O Brasil adotou uma posição firme a este respeito, apesar da pressão dos EUA, rejeitando sanções contra o país persa e pregando o diálogo e, a julgar pelo ministro Celso Amorim, a posição do Brasil se aproxima da que é defendida hoje pela China, apesar da mídia americana ter divulgado a falsa versão de que os dirigentes chineses estão afinados com a tática do imperialismo americano, de impor novas sanções aos iranianos.
Substituição do dólar
Outro dilema avaliado pelo BRIC é de um novo Sistema Monetário Internacional (SMI), que passa pela substituição do padrão dólar como moeda internacional. Isto não vai ser resolvido a curto prazo, mas iniciativas embrionárias neste sentido como a diversificação das reservas (ainda atreladas ao dólar) e experiências de trocas comerciais com moedas locais na América Latina e na Ásia.
“O atual sistema monetário internacional é desfavorável aos países em desenvolvimento”, comentou Li Yang, que também defendeu mudanças no FMI e, segundo o jornal Valor (15-4), foi apoiado por Marcio Polchmann, que preconizou uma aliança entre os países do BRIC para “um novo padrão de consumo e produção”. O Brasil e a Rússia também estão defendendo transações comerciais entre os países do grupo com base nas moedas próprias, descartando o dólar.

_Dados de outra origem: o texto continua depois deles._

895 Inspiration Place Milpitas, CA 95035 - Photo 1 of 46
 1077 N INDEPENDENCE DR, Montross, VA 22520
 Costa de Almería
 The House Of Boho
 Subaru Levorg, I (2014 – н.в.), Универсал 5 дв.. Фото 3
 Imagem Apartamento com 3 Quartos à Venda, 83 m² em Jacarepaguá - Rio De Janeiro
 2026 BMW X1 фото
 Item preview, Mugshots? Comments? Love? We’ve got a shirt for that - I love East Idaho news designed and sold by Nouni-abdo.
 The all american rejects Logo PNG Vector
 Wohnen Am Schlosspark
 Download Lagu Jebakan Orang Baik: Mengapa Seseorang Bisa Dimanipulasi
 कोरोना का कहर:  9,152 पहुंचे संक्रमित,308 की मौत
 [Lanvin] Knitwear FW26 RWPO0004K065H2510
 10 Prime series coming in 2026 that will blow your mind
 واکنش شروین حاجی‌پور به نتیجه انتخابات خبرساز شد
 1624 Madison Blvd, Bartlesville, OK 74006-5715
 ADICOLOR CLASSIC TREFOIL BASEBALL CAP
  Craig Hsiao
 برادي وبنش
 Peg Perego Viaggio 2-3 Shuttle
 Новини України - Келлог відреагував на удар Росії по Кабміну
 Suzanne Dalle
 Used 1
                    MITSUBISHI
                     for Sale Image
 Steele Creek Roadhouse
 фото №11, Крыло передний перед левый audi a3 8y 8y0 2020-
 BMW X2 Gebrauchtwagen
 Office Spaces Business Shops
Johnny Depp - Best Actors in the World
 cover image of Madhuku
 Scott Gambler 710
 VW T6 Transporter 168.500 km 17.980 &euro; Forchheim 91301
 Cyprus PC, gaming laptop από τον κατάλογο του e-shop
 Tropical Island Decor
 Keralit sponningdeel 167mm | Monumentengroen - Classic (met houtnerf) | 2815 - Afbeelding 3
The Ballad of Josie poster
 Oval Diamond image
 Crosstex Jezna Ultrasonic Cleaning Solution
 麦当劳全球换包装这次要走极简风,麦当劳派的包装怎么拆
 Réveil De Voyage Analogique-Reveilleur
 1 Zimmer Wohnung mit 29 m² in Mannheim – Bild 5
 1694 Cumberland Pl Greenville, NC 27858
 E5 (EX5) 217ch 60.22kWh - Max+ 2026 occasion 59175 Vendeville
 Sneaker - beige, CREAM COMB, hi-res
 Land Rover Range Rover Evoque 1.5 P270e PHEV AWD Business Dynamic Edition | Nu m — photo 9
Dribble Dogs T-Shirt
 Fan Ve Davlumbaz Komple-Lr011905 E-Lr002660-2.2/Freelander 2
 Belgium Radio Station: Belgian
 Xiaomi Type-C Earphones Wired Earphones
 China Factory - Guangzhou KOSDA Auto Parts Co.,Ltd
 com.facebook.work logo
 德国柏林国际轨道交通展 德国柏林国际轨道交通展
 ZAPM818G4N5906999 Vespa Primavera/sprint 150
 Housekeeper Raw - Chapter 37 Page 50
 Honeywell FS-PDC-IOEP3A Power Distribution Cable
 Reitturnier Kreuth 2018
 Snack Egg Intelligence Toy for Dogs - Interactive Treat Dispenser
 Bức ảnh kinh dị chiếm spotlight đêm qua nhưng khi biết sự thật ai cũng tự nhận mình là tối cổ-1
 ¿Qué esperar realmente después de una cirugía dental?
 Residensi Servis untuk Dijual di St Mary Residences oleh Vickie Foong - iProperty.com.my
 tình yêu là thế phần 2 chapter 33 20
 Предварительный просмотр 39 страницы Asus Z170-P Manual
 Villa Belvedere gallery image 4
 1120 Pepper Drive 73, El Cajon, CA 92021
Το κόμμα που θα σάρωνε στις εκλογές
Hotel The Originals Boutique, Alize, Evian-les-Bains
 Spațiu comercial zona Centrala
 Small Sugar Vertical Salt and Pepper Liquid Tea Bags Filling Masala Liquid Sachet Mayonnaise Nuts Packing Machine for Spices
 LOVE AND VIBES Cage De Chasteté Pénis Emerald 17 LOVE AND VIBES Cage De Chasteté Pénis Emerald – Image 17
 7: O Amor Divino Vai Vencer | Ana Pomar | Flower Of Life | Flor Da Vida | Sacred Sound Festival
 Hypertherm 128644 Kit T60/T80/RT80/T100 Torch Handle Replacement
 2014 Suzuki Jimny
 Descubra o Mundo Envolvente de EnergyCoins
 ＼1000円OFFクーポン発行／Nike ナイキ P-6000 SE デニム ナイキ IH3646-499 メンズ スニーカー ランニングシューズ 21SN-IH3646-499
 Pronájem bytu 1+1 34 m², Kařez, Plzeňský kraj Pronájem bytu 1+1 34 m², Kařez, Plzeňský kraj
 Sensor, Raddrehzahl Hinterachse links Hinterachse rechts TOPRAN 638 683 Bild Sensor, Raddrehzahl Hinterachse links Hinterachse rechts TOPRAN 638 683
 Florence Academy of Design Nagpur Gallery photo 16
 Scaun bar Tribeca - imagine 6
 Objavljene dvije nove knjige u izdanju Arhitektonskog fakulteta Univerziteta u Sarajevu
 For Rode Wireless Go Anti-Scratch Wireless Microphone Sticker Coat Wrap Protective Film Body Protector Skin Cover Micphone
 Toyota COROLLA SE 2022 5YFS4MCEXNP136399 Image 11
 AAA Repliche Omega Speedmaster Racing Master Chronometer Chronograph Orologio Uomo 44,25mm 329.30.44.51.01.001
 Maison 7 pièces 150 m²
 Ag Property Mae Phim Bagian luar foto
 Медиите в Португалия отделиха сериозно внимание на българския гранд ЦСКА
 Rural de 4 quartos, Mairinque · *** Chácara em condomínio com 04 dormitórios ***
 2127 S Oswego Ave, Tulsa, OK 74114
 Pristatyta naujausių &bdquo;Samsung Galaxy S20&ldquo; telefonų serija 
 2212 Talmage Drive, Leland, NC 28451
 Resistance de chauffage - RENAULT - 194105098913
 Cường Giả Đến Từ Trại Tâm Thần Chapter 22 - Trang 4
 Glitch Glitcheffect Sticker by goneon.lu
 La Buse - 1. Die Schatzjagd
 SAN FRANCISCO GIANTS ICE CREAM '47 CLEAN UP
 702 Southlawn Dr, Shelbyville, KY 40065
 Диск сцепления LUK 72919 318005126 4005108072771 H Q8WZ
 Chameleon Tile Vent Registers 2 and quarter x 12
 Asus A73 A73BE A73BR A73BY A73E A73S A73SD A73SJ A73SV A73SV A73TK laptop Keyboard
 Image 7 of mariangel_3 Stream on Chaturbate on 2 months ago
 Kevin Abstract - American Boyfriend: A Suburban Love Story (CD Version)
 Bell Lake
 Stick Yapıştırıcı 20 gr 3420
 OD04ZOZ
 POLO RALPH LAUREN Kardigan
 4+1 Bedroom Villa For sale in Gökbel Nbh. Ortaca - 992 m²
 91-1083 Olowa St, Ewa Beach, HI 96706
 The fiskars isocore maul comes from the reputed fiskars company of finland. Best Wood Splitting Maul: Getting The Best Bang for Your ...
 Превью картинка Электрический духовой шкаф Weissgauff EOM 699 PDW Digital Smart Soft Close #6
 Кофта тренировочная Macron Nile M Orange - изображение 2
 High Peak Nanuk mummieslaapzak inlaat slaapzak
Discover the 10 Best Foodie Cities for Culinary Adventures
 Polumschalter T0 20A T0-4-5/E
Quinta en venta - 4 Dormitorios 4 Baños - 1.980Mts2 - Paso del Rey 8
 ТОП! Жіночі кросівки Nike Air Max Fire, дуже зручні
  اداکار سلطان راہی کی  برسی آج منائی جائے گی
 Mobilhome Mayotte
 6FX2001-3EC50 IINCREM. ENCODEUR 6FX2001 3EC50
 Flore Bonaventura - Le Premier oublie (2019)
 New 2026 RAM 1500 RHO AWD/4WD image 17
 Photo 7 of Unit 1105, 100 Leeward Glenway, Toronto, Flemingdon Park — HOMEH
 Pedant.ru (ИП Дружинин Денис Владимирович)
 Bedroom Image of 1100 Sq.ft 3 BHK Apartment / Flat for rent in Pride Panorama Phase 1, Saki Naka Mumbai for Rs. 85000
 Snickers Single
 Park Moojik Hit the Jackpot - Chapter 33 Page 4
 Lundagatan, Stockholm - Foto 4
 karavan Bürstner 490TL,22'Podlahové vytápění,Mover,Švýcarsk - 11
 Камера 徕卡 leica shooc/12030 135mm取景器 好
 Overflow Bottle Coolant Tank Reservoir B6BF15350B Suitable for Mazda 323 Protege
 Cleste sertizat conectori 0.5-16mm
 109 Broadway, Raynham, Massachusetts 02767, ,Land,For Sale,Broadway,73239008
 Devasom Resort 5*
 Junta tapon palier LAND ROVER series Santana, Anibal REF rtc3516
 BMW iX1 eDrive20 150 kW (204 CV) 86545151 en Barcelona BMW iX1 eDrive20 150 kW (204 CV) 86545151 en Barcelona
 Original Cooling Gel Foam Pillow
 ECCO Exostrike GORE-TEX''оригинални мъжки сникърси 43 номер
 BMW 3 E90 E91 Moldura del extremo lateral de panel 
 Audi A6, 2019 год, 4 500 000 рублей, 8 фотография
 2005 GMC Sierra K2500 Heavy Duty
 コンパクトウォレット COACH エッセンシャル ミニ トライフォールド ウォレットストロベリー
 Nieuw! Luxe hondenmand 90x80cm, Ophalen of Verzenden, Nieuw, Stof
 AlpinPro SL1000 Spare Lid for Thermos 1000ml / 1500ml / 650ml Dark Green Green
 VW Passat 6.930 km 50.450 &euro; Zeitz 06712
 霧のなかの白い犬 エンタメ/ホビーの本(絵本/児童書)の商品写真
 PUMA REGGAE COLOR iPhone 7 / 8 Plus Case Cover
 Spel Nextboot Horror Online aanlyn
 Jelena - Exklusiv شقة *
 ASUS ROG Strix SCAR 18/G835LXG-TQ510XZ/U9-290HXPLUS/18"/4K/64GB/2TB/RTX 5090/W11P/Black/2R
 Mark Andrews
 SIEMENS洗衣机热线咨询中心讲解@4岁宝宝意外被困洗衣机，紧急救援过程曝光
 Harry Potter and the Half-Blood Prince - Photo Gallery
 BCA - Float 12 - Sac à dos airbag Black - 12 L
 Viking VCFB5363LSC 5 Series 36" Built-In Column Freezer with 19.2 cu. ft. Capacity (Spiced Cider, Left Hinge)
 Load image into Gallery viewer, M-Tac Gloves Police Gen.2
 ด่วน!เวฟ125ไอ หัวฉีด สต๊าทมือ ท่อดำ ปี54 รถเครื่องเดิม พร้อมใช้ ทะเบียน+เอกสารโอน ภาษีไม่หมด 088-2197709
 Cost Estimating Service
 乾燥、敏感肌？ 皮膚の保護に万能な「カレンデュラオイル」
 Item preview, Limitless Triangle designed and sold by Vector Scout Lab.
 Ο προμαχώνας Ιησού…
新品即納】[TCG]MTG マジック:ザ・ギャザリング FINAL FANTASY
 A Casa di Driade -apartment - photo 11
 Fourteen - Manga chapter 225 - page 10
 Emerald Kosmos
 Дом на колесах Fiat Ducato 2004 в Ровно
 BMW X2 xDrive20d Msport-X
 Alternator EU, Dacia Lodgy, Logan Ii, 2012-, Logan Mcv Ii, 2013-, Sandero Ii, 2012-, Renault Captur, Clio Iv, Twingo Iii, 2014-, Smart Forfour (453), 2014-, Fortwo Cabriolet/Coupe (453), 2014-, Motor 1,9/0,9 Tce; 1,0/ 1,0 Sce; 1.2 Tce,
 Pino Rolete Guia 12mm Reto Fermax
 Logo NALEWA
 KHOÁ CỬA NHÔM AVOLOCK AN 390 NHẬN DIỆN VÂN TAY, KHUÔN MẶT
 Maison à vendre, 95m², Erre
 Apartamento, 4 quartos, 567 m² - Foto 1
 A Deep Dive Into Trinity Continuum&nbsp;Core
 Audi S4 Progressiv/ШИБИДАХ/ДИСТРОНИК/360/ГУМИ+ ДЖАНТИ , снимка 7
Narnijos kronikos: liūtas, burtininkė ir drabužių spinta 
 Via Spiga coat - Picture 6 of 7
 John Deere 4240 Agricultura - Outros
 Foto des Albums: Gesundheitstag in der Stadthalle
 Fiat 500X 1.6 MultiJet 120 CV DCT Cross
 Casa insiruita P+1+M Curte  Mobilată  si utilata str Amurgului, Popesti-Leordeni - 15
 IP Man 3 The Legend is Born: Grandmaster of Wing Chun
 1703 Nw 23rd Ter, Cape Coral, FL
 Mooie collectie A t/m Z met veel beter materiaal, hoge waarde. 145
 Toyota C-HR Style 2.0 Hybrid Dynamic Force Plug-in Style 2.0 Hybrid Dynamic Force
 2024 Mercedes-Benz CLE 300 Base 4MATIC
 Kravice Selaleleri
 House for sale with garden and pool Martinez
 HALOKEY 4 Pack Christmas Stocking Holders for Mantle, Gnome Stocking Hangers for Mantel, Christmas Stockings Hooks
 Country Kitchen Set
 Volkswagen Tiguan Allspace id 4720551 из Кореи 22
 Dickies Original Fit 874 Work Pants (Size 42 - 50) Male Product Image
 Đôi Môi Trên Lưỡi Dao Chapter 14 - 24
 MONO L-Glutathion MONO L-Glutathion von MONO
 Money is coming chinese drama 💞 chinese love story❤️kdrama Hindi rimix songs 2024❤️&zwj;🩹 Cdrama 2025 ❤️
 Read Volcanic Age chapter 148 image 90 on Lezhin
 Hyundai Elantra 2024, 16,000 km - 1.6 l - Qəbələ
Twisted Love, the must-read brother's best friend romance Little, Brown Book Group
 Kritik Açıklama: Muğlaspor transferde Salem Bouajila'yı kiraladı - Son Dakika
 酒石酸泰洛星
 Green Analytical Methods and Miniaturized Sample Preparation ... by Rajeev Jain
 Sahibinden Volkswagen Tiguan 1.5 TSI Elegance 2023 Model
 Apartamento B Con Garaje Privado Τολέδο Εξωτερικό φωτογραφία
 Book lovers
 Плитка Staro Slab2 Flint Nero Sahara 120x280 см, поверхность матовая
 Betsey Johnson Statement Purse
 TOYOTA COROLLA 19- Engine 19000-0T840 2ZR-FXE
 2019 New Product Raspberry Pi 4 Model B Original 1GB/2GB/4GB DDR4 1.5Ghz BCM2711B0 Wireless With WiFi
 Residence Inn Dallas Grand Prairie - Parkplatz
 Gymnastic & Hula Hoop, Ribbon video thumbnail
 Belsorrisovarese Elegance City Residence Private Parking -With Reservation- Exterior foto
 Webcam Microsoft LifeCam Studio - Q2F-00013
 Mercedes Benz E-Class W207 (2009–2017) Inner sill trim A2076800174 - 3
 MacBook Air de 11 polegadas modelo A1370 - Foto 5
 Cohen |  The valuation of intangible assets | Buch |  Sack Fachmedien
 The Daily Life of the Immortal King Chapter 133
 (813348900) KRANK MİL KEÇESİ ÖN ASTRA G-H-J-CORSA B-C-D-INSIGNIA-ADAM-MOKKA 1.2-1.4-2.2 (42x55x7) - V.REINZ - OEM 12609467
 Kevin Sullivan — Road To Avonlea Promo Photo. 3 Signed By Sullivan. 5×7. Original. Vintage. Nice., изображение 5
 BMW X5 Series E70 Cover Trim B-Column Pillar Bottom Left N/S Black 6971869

Ao lado da reunião do BRIC, Brasília também foi palco de uma outra importante reunião, a 4ª Cúpula dos Chefes de Estado e de Governo do IBAS (grupo composto por Índia, Brasil e África do Sul), cujo documento final (Declaração de Brasília) defende uma reforma urgente da ONU e a conclusão da Rodada Doha no âmbito da Organização Mundial do Comércio.
As duas reuniões (do BRIC e do IBAS) apontam a mesma necessidade de uma reformulação urgente e ampla da ordem econômica e política internacional, que ficou ainda mais caduca após o estouro da crise mundial do capitalismo nos EUA.